What happens if I use git pull (merge) and squash my commit into master?-CodePudding

I'm unsure if this strategy is causing us more issues than it's worth. Let's use this as an example (pulled from git docs).


    A---B---C---D---E origin/master
        \     
         X---Y--- feature/branch

I've created a feature/branch of origin/master at commit B. I've committed X and Y locally. C, D, and E have been committed to origin by other developers. I then use git pull origin master to pull down latest changes from master into my feature/branch.

    A---B---C---D---E origin/master
        \            \
         X---Y--------M feature/branch

This appears to take CDE and creates a merge commit in my feature branch M. I then squash my feature branch creating commit Z and push it into origin.

    A---B---C---D---E       origin/master
        \            \     /
         X---Y--------M---Z feature/branch

It's possible I'm misunderstanding the pull merge.

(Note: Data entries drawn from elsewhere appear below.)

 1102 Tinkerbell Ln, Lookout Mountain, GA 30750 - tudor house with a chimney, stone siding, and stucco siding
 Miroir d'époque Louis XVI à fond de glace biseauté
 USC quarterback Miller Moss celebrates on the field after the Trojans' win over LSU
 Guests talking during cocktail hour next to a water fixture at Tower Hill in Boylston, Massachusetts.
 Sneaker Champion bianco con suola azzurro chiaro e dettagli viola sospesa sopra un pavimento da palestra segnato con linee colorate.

Does origin now contain A,B,C twice?

Should we use rebase instead?

Any suggestions are greatly appreciated.

CodePudding user response：

Note: For the purposes of this answer, let's assume you have a local branch named master which is equivalent to origin/master, and another local branch named feature which is equivalent to feature/branch.

I believe your question is arising from the fact that your third graph is incorrect. Given your second graph as is:

    A---B---C---D---E (master)
        \            \
         X---Y--------M (feature)

If you then wish to squash feature onto master the resulting graph would be:

A---B---C---D---E---Z (master)

In this case commit Z would contain all of the changes from both commit X and Y, and also M if there were any changes in the merge commit.

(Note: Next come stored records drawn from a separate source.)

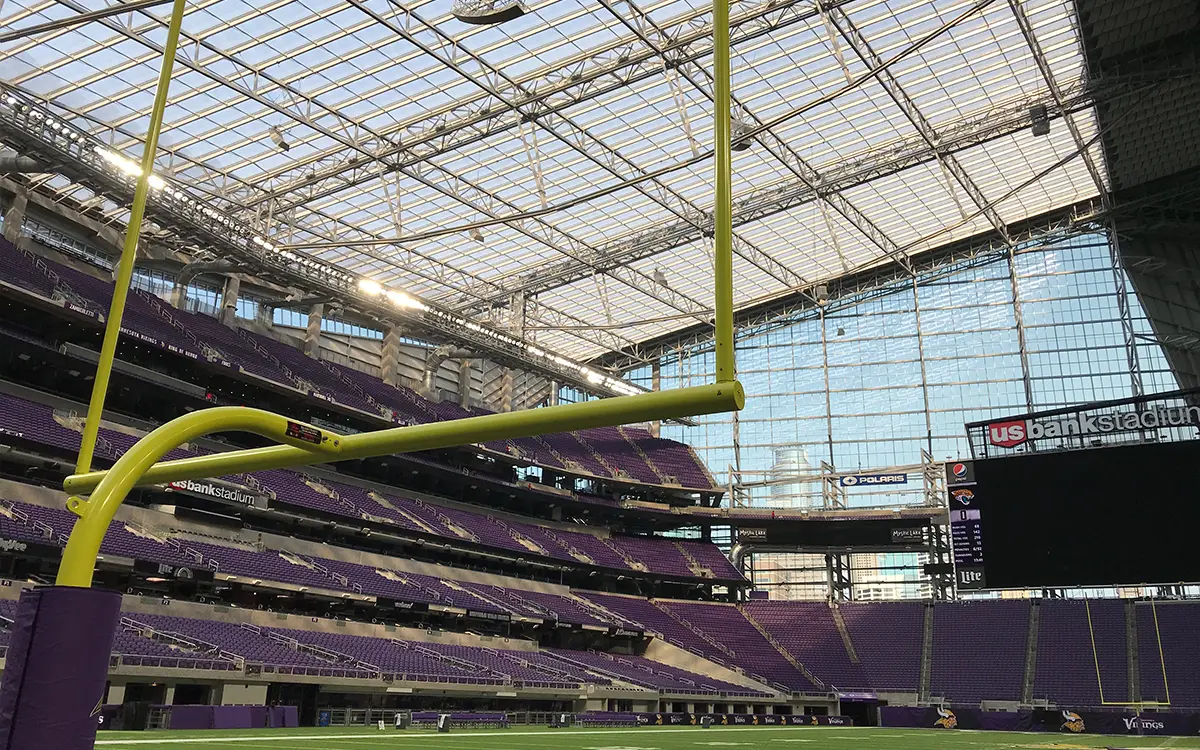looking down the field through a football goal post of us bank stadium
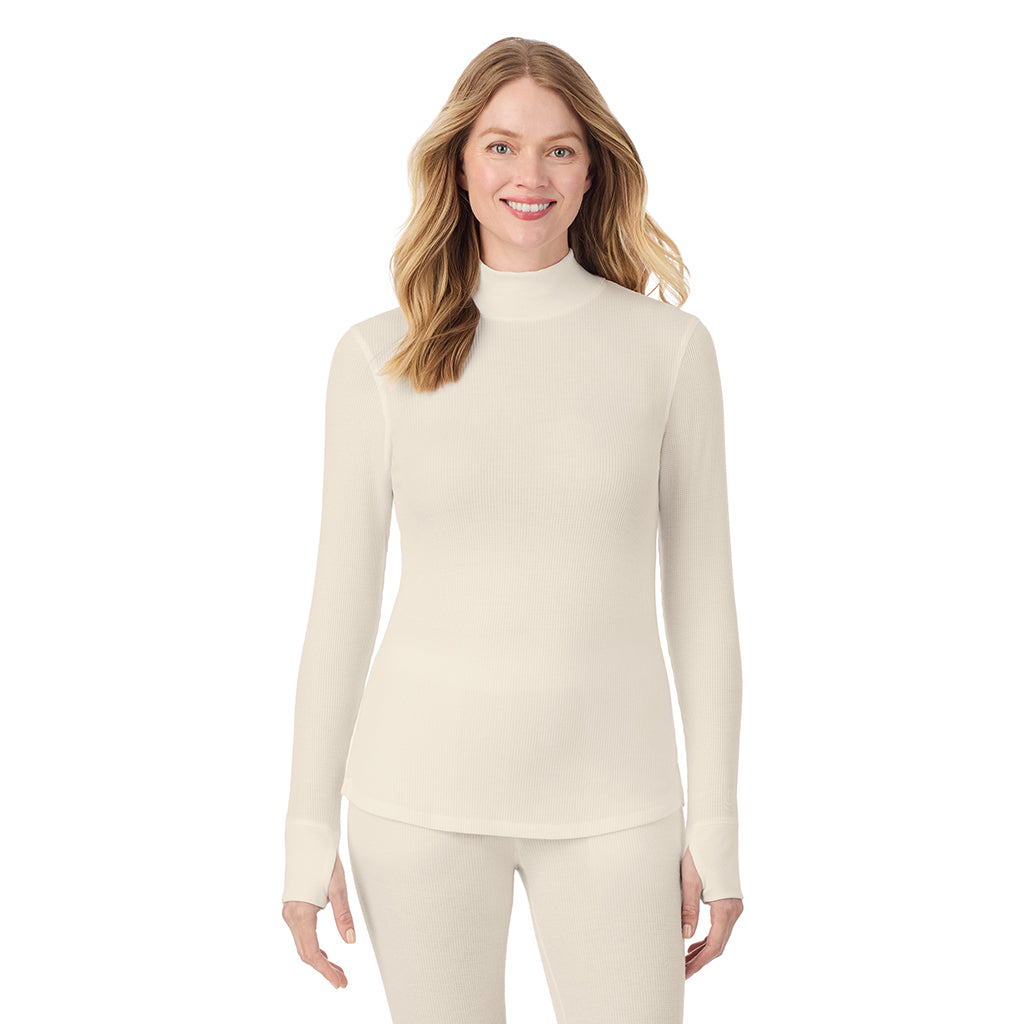  A lady is wearing a ivory Cozy Stretch Thermal Long Sleeve Mock Neck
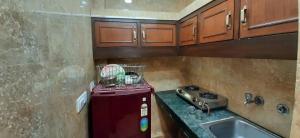 A cozinha ou cozinha compacta de Room in Guest room - Aggarwal Guest House In Cream Location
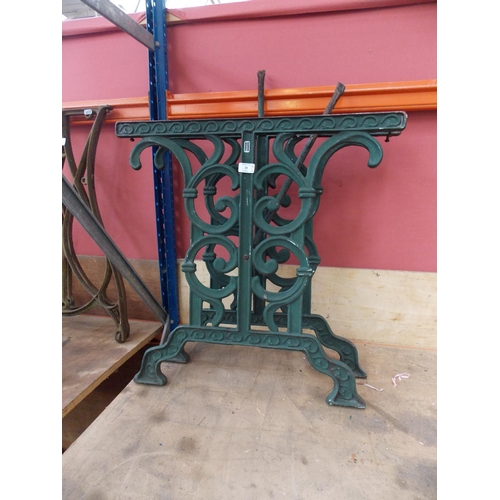 28 - A PAIR OF GREEN PAINTED CAST IRON ORNATE GARDEN TABLE LEGS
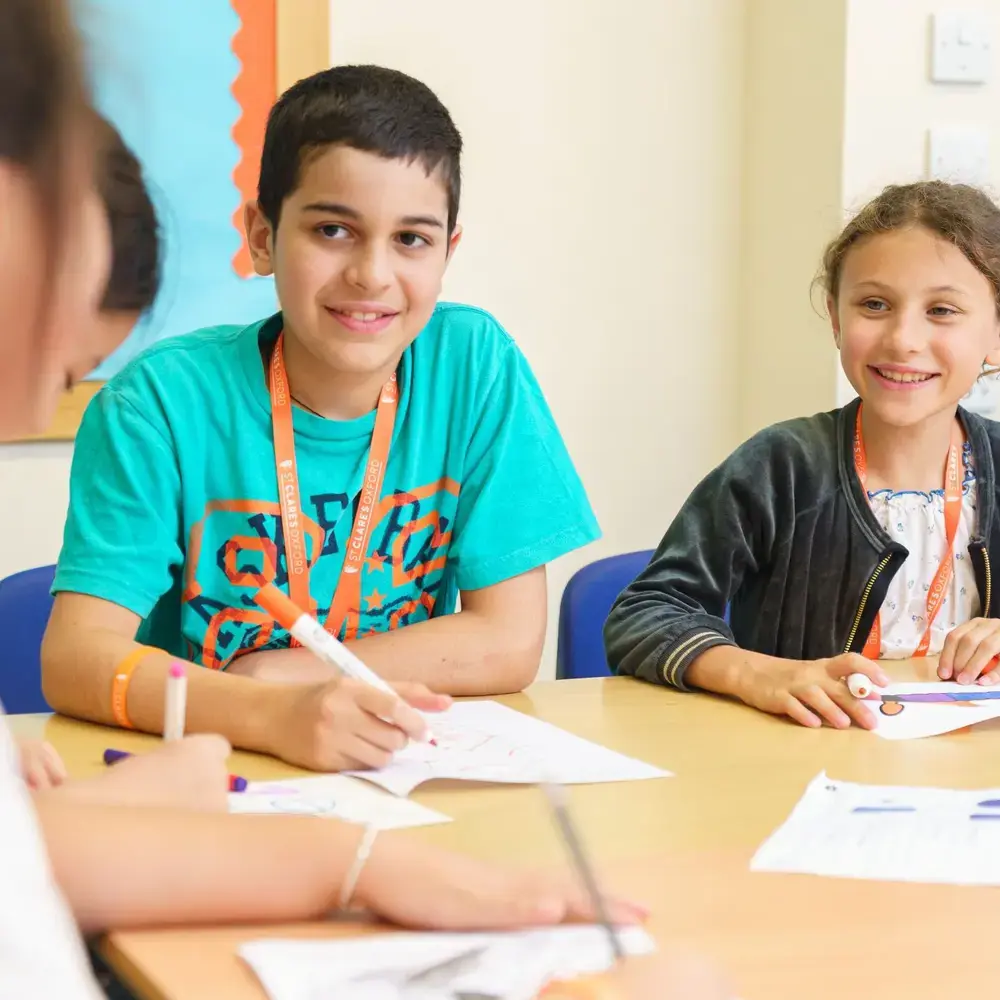 Junior students in class together and smiling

If you had elected to rebase feature onto master instead of merging (in your case using pull), the graph would look like this:

A---B---C---D---E (master)---X'---Y' (feature)

Where X' and Y' represent the re-written commits of X and Y. If you then squashed those two commits down into one, you would be in the same place as the squash merge. (And then you would merge feature into master to get master up to date.)

Does origin now contain A,B,C twice?

Assuming you push master to origin, in neither of these cases would origin (master) now contain A,B,C twice.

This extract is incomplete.